THE PROBLEM: The pictures in the listing below are to be skipped, while the lines between the line holding "должности спикера Минобороны" and the line holding "Ένα μπάνιο στο", inclusive, are to be output exactly.

RECORDS SUPPLIED:
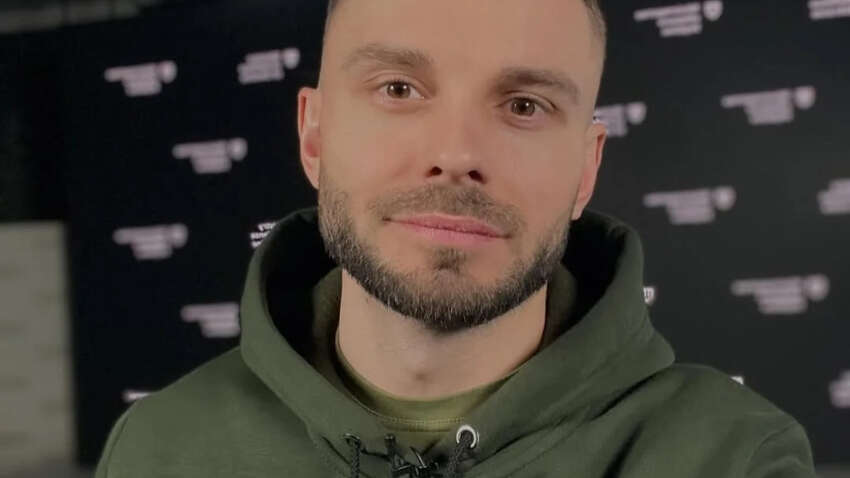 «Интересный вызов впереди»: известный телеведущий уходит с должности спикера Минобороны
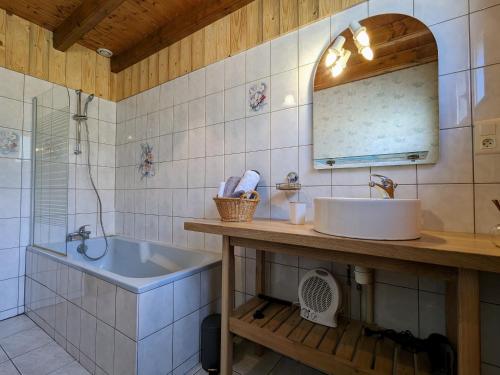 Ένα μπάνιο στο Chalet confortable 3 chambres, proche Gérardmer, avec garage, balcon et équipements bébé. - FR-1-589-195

...

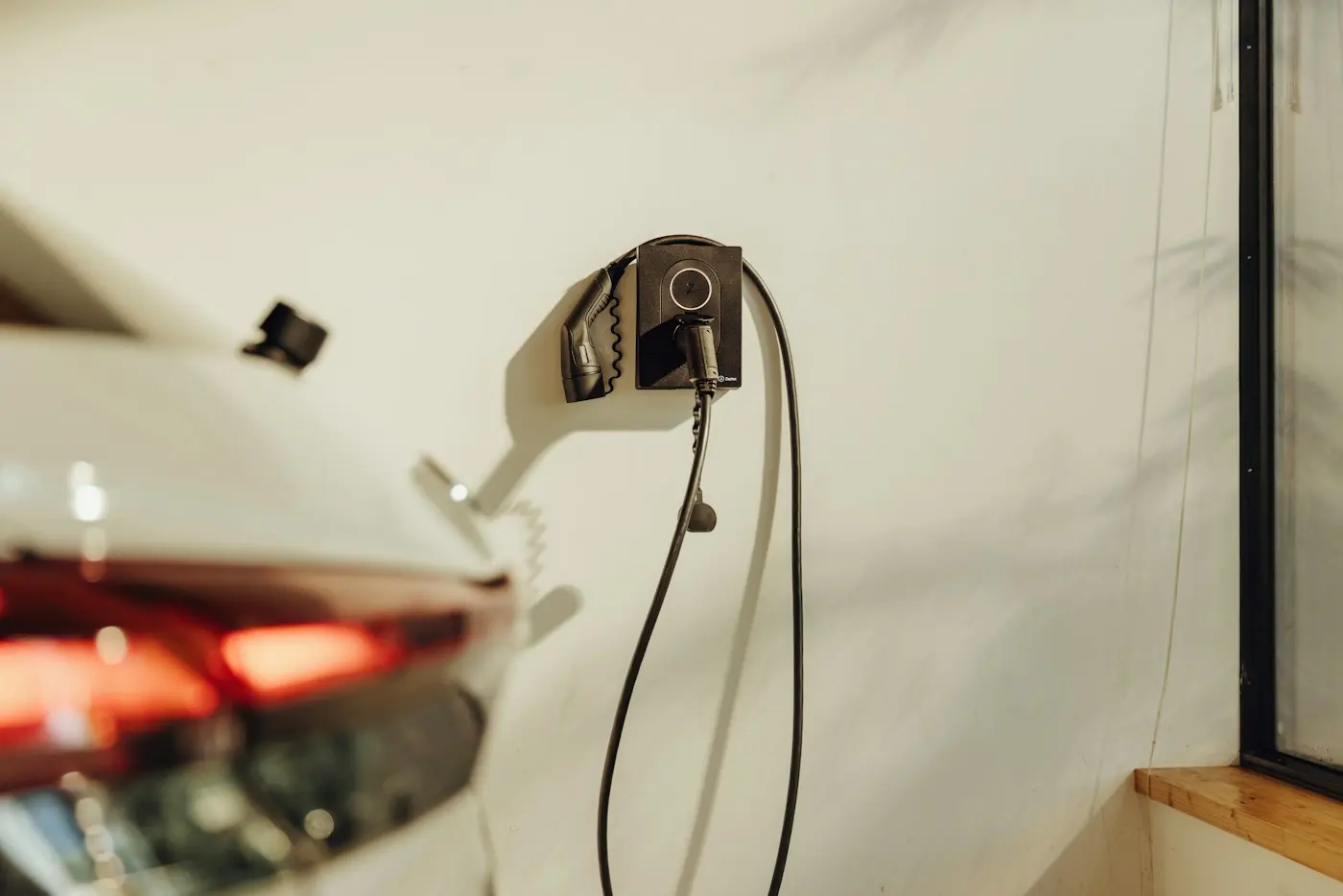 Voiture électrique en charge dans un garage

TASK RESPONSE:
 «Интересный вызов впереди»: известный телеведущий уходит с должности спикера Минобороны
 Ένα μπάνιο στο Chalet confortable 3 chambres, proche Gérardmer, avec garage, balcon et équipements bébé. - FR-1-589-195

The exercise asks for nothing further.